BC2001, the largest randomised trial of bladder-sparing treatment for muscle-invasive bladder cancer (MIBC), demonstrated improvement in locoregional control by adding fluorouracil and mitomycin C to radiotherapy (James ND, Hussain SA, Hall E, et al. Radiotherapy with or without chemotherapy in muscle-invasive bladder cancer. N Engl J Med 2012;366:1477–88). There are limited data on long-term recurrence risk.

Objective

To determine whether benefit of adding chemotherapy to radiotherapy for MIBC is maintained in the long term.

Design, setting, and participants

A phase 3 randomised controlled 2 × 2 factorial trial was conducted. Between 2001 and 2008, 458 patients with T2-T4a N0M0 MIBC were enrolled; 360 were randomised to radiotherapy (178) or chemoradiotherapy (182), and 218 were randomised to standard whole-bladder radiotherapy (108) or reduced high-dose-volume radiotherapy (111). The median follow-up time was 9.9 yr. The trial is registered (ISRCTN68324339).

Intervention

Radiotherapy: 55 Gy in 20 fractions over 4 wk or 64 Gy in 32 fractions over 6.5 wk; concurrent chemotherapy: 5-fluorouracil and mitomycin C.

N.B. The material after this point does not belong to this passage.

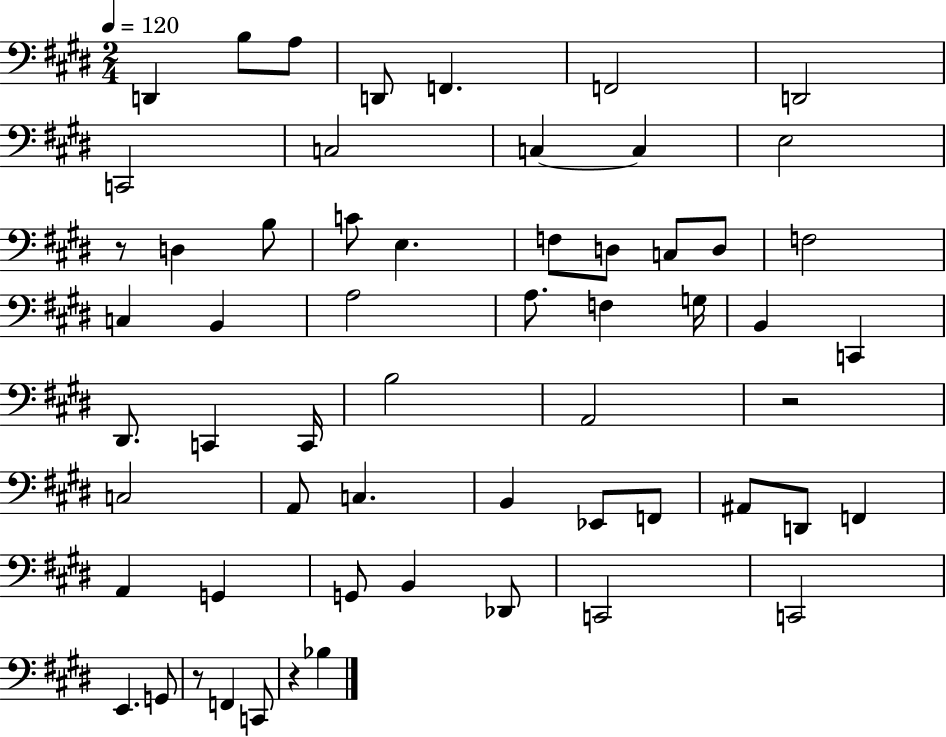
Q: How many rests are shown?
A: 4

Outcome measurements and statistical analysis

Locoregional control (primary endpoint), invasive locoregional control, toxicity, rate of salvage cystectomy, disease-free survival (DFS), metastasis-free survival (MFS), bladder cancer–specific survival (BCSS), and overall survival. Cox regression was used. The analysis of efficacy outcomes was by intention to treat.

Results and limitations

Chemoradiotherapy improved locoregional control (hazard ratio [HR] 0.61 [95% confidence interval {CI} 0.43–0.86], p = 0.004) and invasive locoregional control (HR 0.55 [95% CI 0.36–0.84], p = 0.006). This benefit translated, albeit nonsignificantly, for disease-related outcomes: DFS (HR 0.78 [95% CI 0.60–1.02], p = 0.069), MFS (HR 0.78, [95% CI 0.58–1.05], p = 0.089), overall survival (HR = 0.88 [95% CI 0.69–1.13], p = 0.3), and BCSS (HR 0.79 [95% CI 0.59–1.06], p = 0.11). The 5-yr cystectomy rate was 14% (95% CI 9–21%) with chemoradiotherapy versus 22% (95% CI 16–31%) with radiotherapy alone (HR 0.54, [95% CI 0.31–0.95], p = 0.034). No differences were seen between standard and reduced high-dose-volume radiotherapy.

Conclusions

Long-term findings confirm the benefit of adding concomitant 5-fluorouracil and mitomycin C to radiotherapy for MIBC.